Back in 2010 I brought this issue to light and based on the stats coming from Blackhat it has continued to grow in frequency. During a presentation back then I was asked if the 2nd Amendment gave private citizens and private companies the right to bear cyber-arms and if someone or some business was attacked, do they have the right to return cyber-fire in self defense. Now add in the UN’s recently proposed conventional Arms Treaty that I covered here a few weeks ago.
In fact in 2011 during an investigation a specific retaliatory strike came to light. It took place in the financial services sector that had some potential international implications that would be significant if the country that was the target of the retaliatory strike uncovered this incident. This was at a level that federal authorities were contacted and alerted to the incident. The attack traffic experienced by the financial services organization was most likely routed through a compromised server in that foreign country and was an unwilling participant in the cyber attack.
One subject matter expert called cyber space “the wild West.” I am sure we all know what that means. Could a retaliatory cyber strike from an individual or private business trigger a cyber exchange between countries? Could an event like this cause an escalation in tensions between two nation states? The answer is yes, it is a clear possibility!
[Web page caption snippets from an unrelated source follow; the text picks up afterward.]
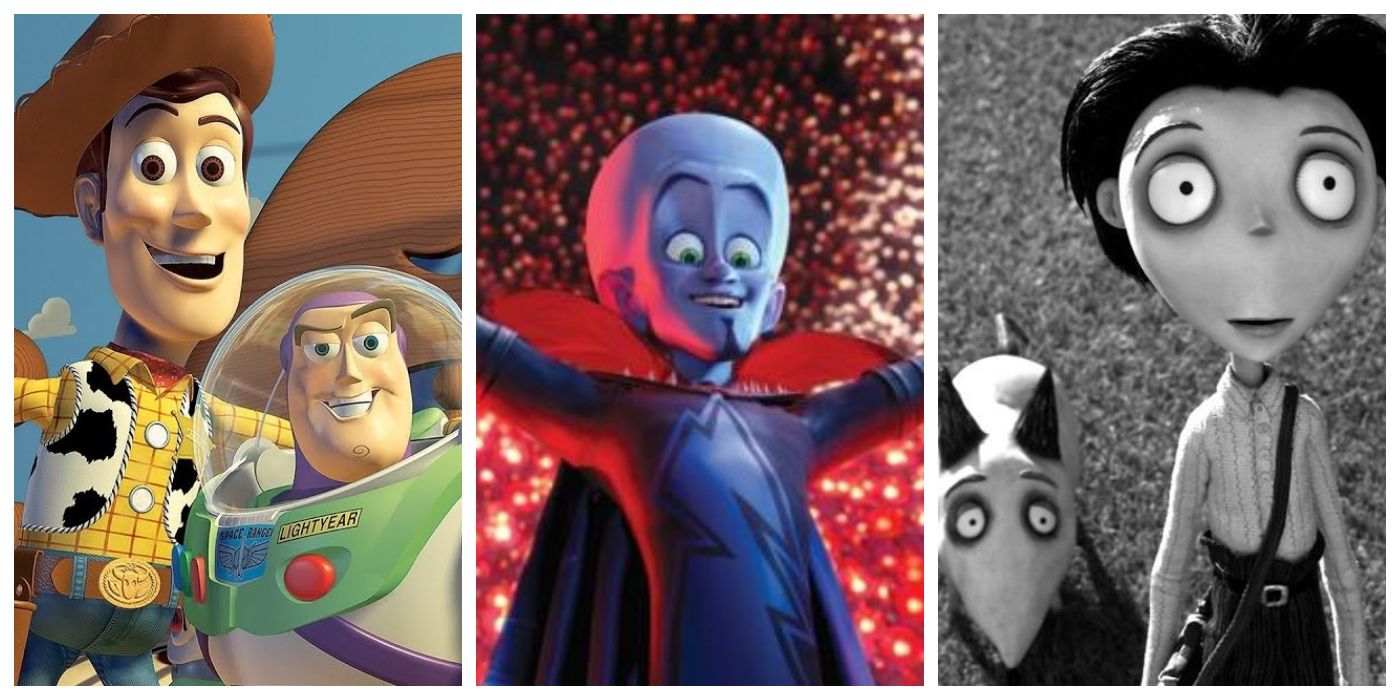 Detail Pictures Of Pinocchio Characters Nomer 49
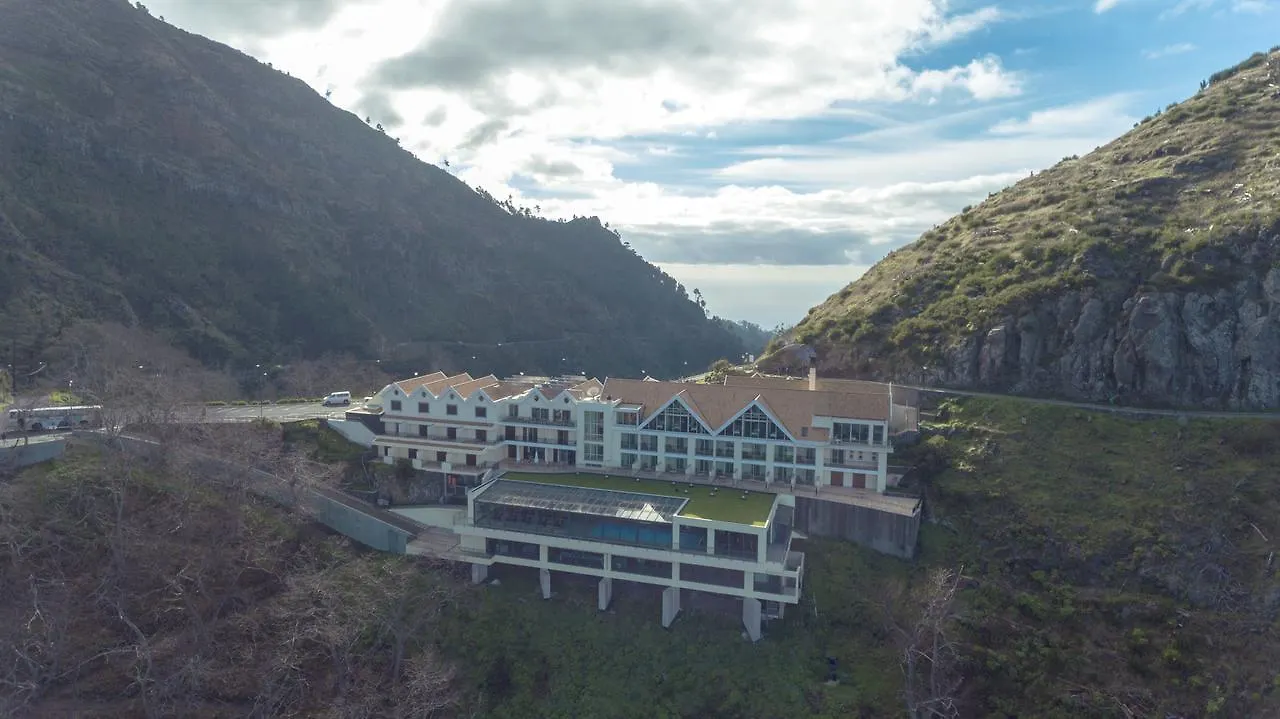 Eira Do Serrado - Hotel & Spa Curral Das Freiras 4*,  Portugal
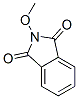 Structure of N-Methoxyphthalimide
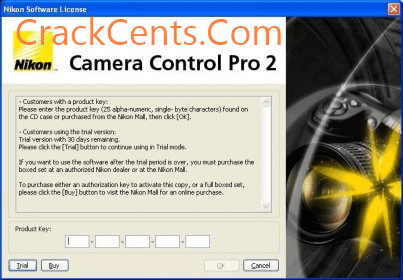 Nikon Camera Control Pro Free Download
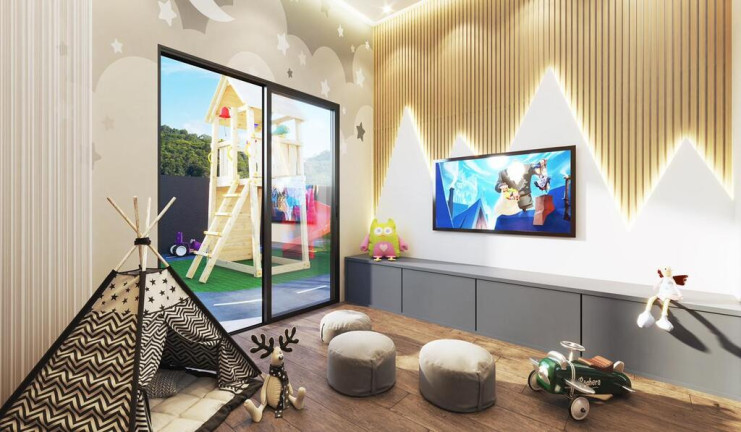 Imagem Apartamento com 3 Quartos à Venda, 153 m² em Centro - Itapema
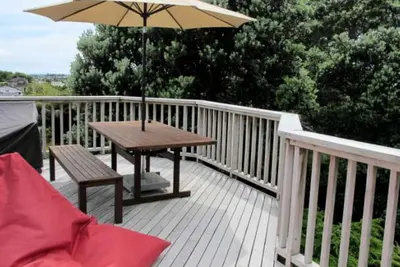 Image de Coastal Vacation Rental in Auckland, New Zealand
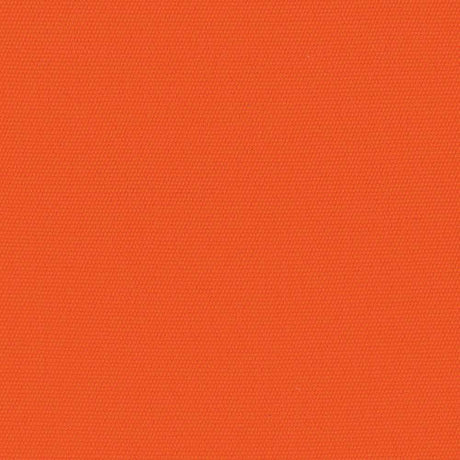 Sample of Sunbrella Orange 6009-0000 60-Inch Awning / Marine Fabric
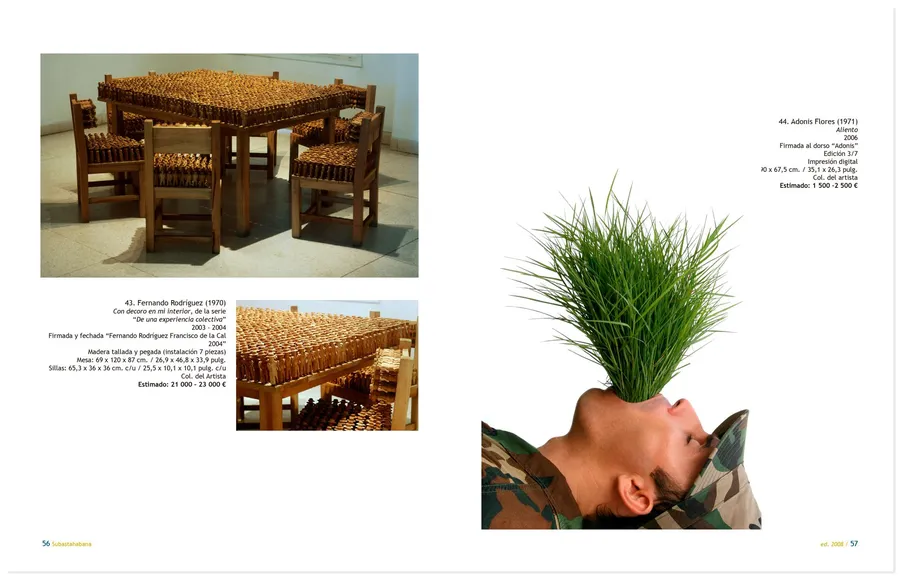 Havana Auction — image 7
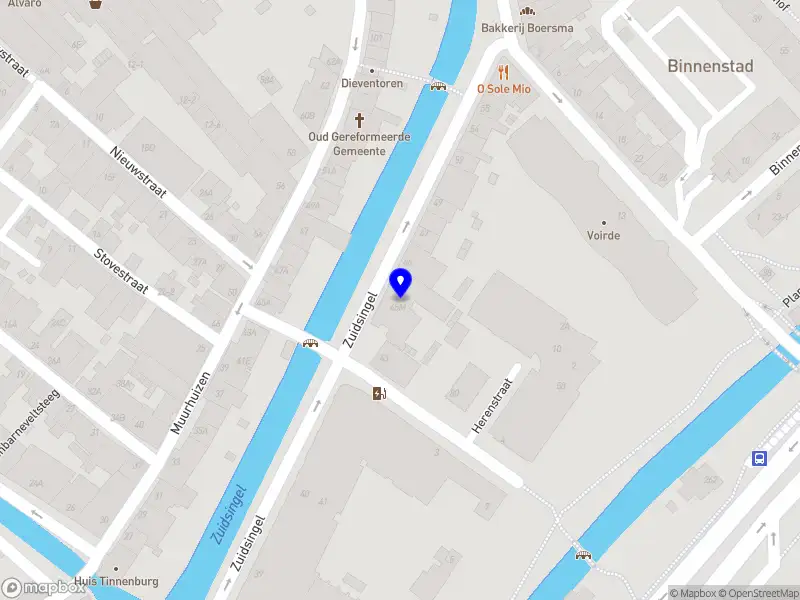 Meester Ids Amersfoort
The right of cyber self defense is a complex issue that has yet to be decided in a court of law. At the heart of this issue is the right to bare cyber arms and use them in self defense to protect your computer assets. It is easy to see where this is leading – to the Supreme Court and to the International Court of Justice. Let’s all hope that General Alexander’s, who also heads the U.S. Cyber Command, comment (asking hackers for their help) at DefCon, is not misinterpreted and the retaliatory strikes escalate.